I have received many requests in the past few years for my tagged set of noun-modifier pairs. This document explains the data, the tag set used, the formatting of my data file, and how you can get it if you want, and the conditions attached.

The data

The file contains 600 tagged base noun phrases (modifier-noun pairs). These phrases were collected from Judith Levi's "The syntax and semantics of complex nominals" (1978) (manually) , Nancy Larrick's "The junior science book of rain, hail, sleet and snow" (1961) (automatically), SemCor - the version annotated with WordNet 1.6 senses (semi-automatically) and some examples were constructed and added for relations infrequent in the previous texts. The examples that were not extracted from SemCor were manually annotated with WordNet 1.6 senses (which was the rage at the time). All the pairs were annotated with semantic relations from a list of 47 (only 30 relations of these have instances in this data set), which I will tell you briefly about in the next section. There is also a second file which contains the same data, annotated with 5 more coarse relation tags (which are really relation classes, so to speak -- causal, temporal, spatial, participant, quality).

The set of semantic relations

While there is no consensus on a comprehensive list of semantic relations, the one we used contains 47 relatively generic relations (in the sense that they are not domain specific), and which are necessary and sufficient for the analysis of pairs extracted from semi-technical texts (Ken Barker showed that in his PhD thesis). You can see the list of relations with examples here.

If you are curious to know how this list was developed, here is the short story: Ken Barker developed three lists of relations for three separate syntactic levels (clause level, intra-clause (cases) and noun phrase) based on the literature on semantic relations at the time (around 1997). I then combined these three lists (by aligning, grouping and splitting) such that the same set of relations will cover phenomena at all three syntactic levels. If you want the long story, check Ken's thesis and my thesis.
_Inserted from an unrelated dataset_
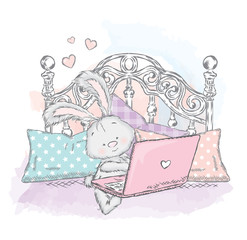 Cute hare in bed with laptop. Bunny the pillows. Vector illustration for a card or poster. Figure for printed products. Design.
It happened that somebody whom I gave this set to asked me why certain relations were assigned to certain pairs, when more relations looked like possible options. First of all, it is our premise that one and only one relation should be assigned to a pair of units (words, clauses, etc.). But there are ambiguities, that is true. However, when this set was annotated, each pair was discussed by two judges, and the one that seemed more appropriate was assigned.


I was asked, for example, why concert hall is assigned PURPOSE relation and why LOCATION is not a better choice. The reason is that you would call something a concert hall if it is a place designed with the purpose of holding concerts there, while other events may also take place, but a room, or hall, where concerts are occasionally held is not necessarily a concert hall.

The file format

The data is in Prolog format, as facts that give information for modifier-noun pairs (base NPs):

rel(nmr,HeadNoun,HeadInfo,Modifier,ModifierInfo,Relation).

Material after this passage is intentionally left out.